## [Exercise]
Print the records exactly and in full, please; the pictures stay out.
******************************
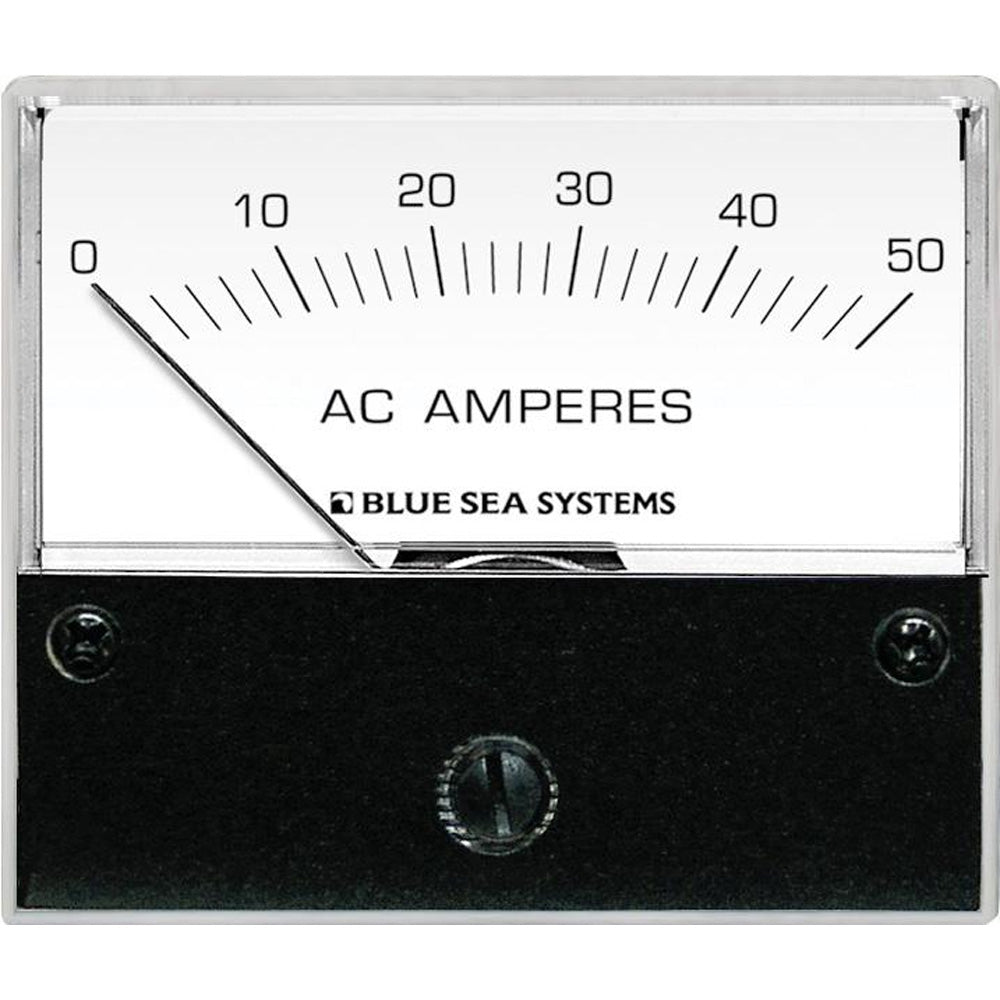 Blue Sea 9630 AC Analog Ammeter 0-50 Amperes AC [9630] 1st Class Eligible Brand_Blue Sea Systems Electrical Electrical | Meters & Monitoring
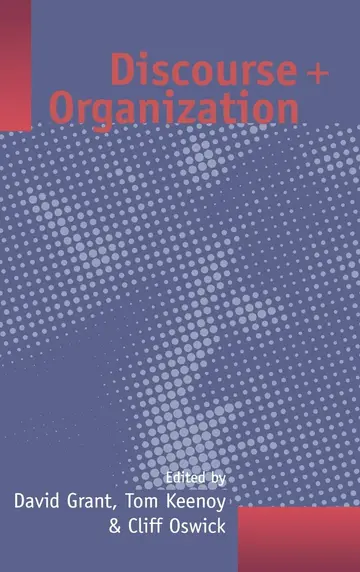 Cover of Discourse and Organization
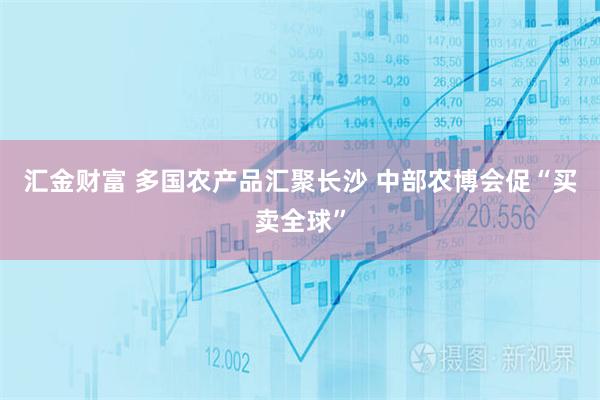 汇金财富 多国农产品汇聚长沙 中部农博会促“买卖全球”
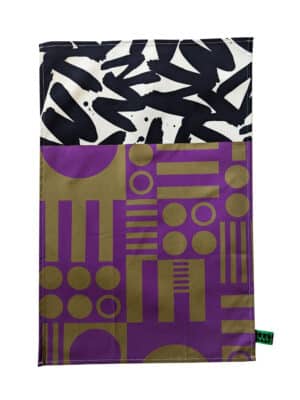 Irregular Sleep Pattern Tea Towel - Grape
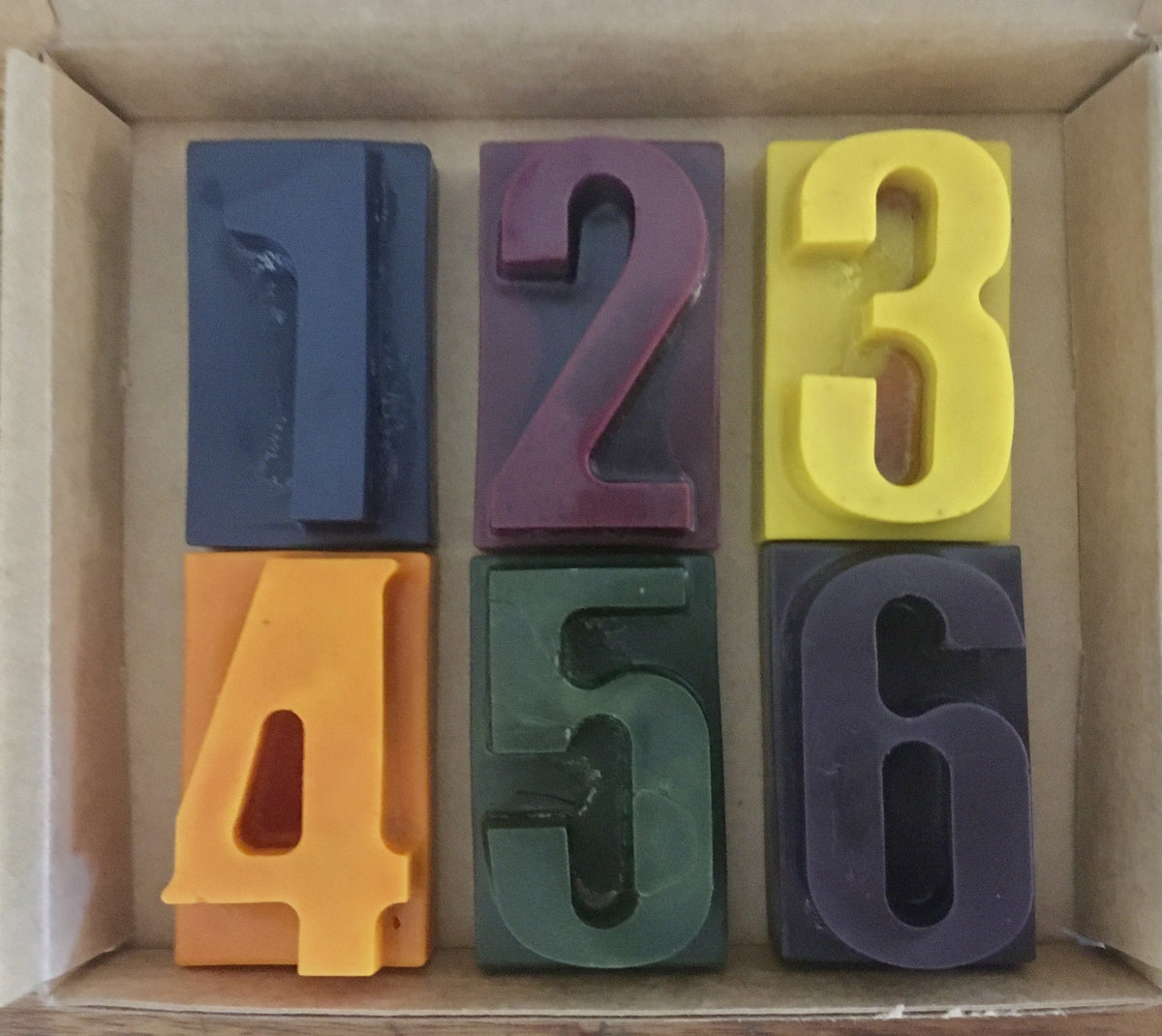 Eco CrayonsECO CRAYONS BLOCKS - Numbers 1-6: Plant Based Natural Crayons #same day gift delivery melbourne#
******************************
## [Task output]
 Blue Sea 9630 AC Analog Ammeter 0-50 Amperes AC [9630] 1st Class Eligible Brand_Blue Sea Systems Electrical Electrical | Meters & Monitoring
 Cover of Discourse and Organization
 汇金财富 多国农产品汇聚长沙 中部农博会促“买卖全球”
 Irregular Sleep Pattern Tea Towel - Grape
 Eco CrayonsECO CRAYONS BLOCKS - Numbers 1-6: Plant Based Natural Crayons #same day gift delivery melbourne#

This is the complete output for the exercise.